De la indiferencia más absoluta por estas elecciones, en cuestión de unos días se pasó a un estado lindero con la desesperación. La relación entre una y otra cosa no es casual ni mucho menos inocente. La indiferencia, ese monstruo que parece inocuo, esa máquina picadora de estrategias y convicciones, por un lado surgió espontánea frente a un tablero político irreductible en sus malformaciones, pero por otro, ese estado general de indiferencia fue cuidadosamente manipulado para dejar hacer, para que los de siempre tejieran el crochet de su regreso o el de la irrupción estelar acaso amplificada por los aparatos de comunicación siempre leales a la mafia de ayer o a la mañana. Ese estado de indiferencia fue el caldo de cultivo de esta desesperación, nacida al calor de las taras consuetudinarias de los mejor intencionados de este país. No nos alcanza algo justo, queremos algo perfecto. No nos convence algo mejor, buscamos lo irreprochable. No cerramos los tratos porque hay una coma que nos irrita. No nos cabe la alegría de la unión y sus matices: la talla nos da mejor para pegar el portazo.

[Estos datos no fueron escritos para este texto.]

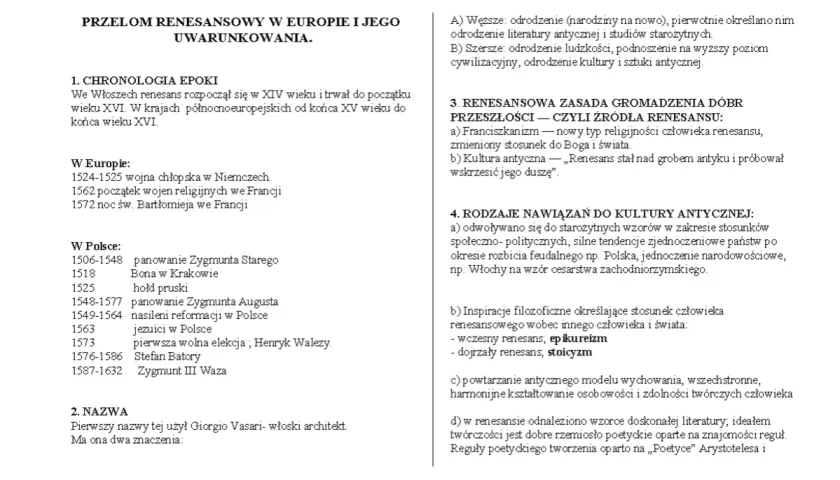 Przełom renesansowy w Europie i jego uwarunkowania. Chronologia epoki, nazwa, zasady i nawiązania do kultury antycznej.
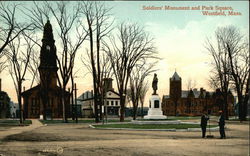 Soldiers' Monument and Park Square Westfield, MA Postcard Postcard Postcard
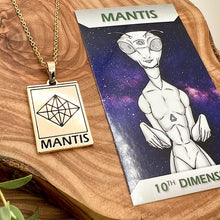 Load image into Gallery viewer, Elizabeth April EA Mantis 2 Sided Channeled & Attuned Evil Eye Protection Cosmic Species Sacred Geometry Card Tag Pendant 18” Gold Necklace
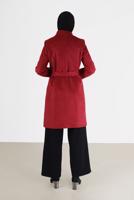 Female red STUD DETAIL BELTED SUEDE TRENCH COAT 10457 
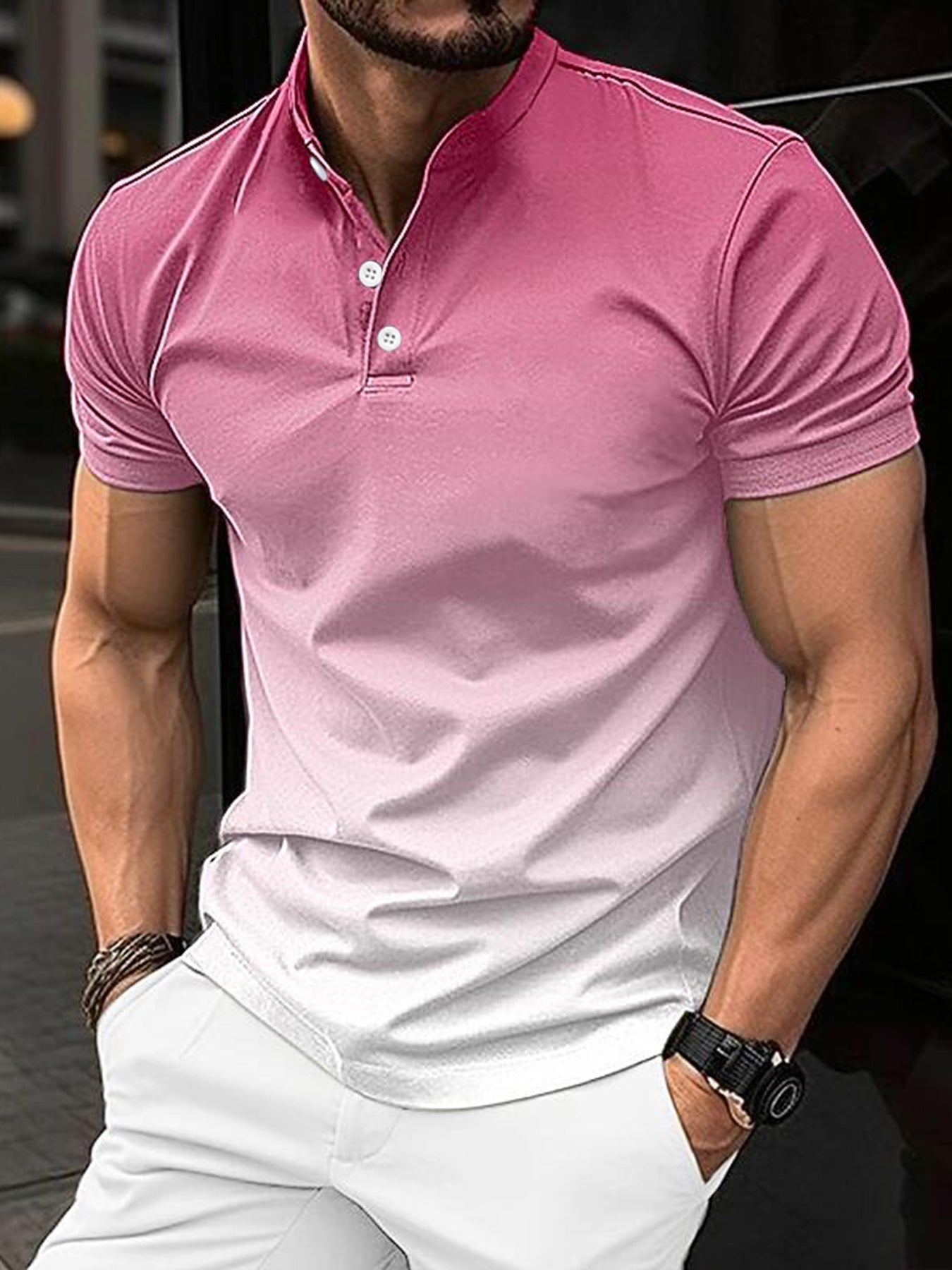 Men Stand Collar Gradient Casual Golf Short Sleeve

Y mientras se discutía si en el sobre se pondría a Clemente o a Eber Ludueña, mientras circulaban remeras que orgullosamente rezaban “Yo no voto”, mientras parecía que todo era igual y que de cualquier forma iba a pasar lo peor, los lugares los ocuparon los peores y lo peor comenzó a cobrar cuerpo, forma, porcentaje, presencia, color, discurso, invitación, macabra promesa de futuro inminente.
–Dios mío, no es joda –me dijo el jueves una mujer cuyo marido, civil, trabaja en una fuerza de seguridad.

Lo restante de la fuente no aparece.